Step 5 mentioned that, if $A\mathbf x=\mathbf b$ has exactly one solution, then we know that its null space is trivial: $A\mathbf v=\mathbf 0$ also has exactly one solution $\mathbf v =\mathbf 0$.
(Otherwise if $\mathbf v\ne \mathbf 0$, then $A(\mathbf x + \mathbf v) = \mathbf b$, contradicting that $A\mathbf x=\mathbf b$ has exactly one solution.)
Following the attempt in your question, assume $A^2\mathbf x_1=\mathbf b$ and $A^2\mathbf x_2 = \mathbf b$.
We know that $A^2 (\mathbf x_2-\mathbf x_1) = A^2\mathbf x_2 - A^2\mathbf x_1 = \mathbf 0$.
We know that the null space is trivial. So $A(\mathbf x_2 - \mathbf x_1)$ must be $\mathbf 0$.
We know that the null space is trivial. So $(\mathbf x_2 - \mathbf x_1)$ must be $\mathbf 0$.
Or $\mathbf x_2 = \mathbf x_1$. This implies that there is only one solution to $A^2\mathbf x = \mathbf b$.
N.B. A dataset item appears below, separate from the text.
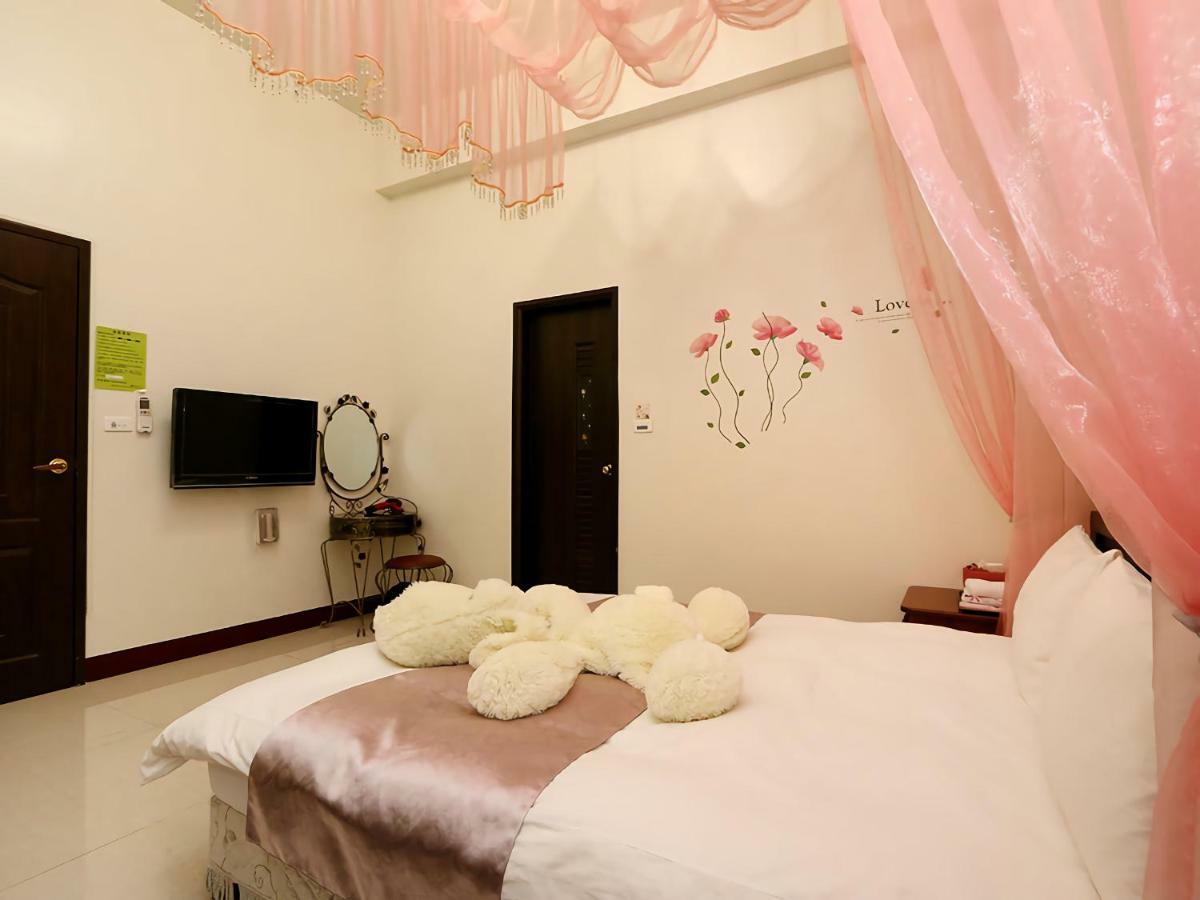 Leisure Homestay Hualien City Ngoại thất bức ảnh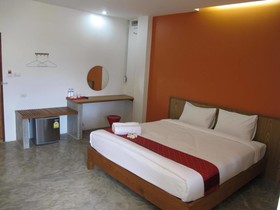J2 Hotel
HINT: Suppose that $Ax=b$ has at least one solution i.e., let $x_0$ be such that $Ax_0=b$.
Then if $A$ is not invertible, the equation $Ax=b$ has more than solution. Indeed, if $A$ is not invertible, then there is a $y \not = 0$ such that the equation $Ay=0$ is satisfied. But then both equations $Ax_0=b$ and $A(x_0+y)=b$ hold, with $x_0 \not = x_0+y$. Make sure you see why. So then if $A$ is not invertible, then the equation $Ax=b$ has more than one solution [assuming the equation $Ax=b$ has at least one solution that is].
So then $A$ must be invertible for the equation $Ax=b$ to have exactly one solution. But then if $A$ is invertible, then $A^2$ must also be invertible. Now, for any invertible $n \times n$ matrix $B$ and any vector $z$ of length $n$, there is exactly one solution to the equation $Bx=z$....
Can you finish from here.
To revisit your previous question, let $A = \begin{bmatrix} 0 & 1 \\ 0 & 0 \end{bmatrix}$, and let $b= \begin{bmatrix}1 \\ 0 \end{bmatrix}$. Then the equation $A^2x=b$ has no solutions, but also the equation $Ax=b$ has more than one solution, namely $x= \begin{bmatrix} a \\ 1 \end{bmatrix}$ for any real $a$ will satisfy the equation $Ax=b$.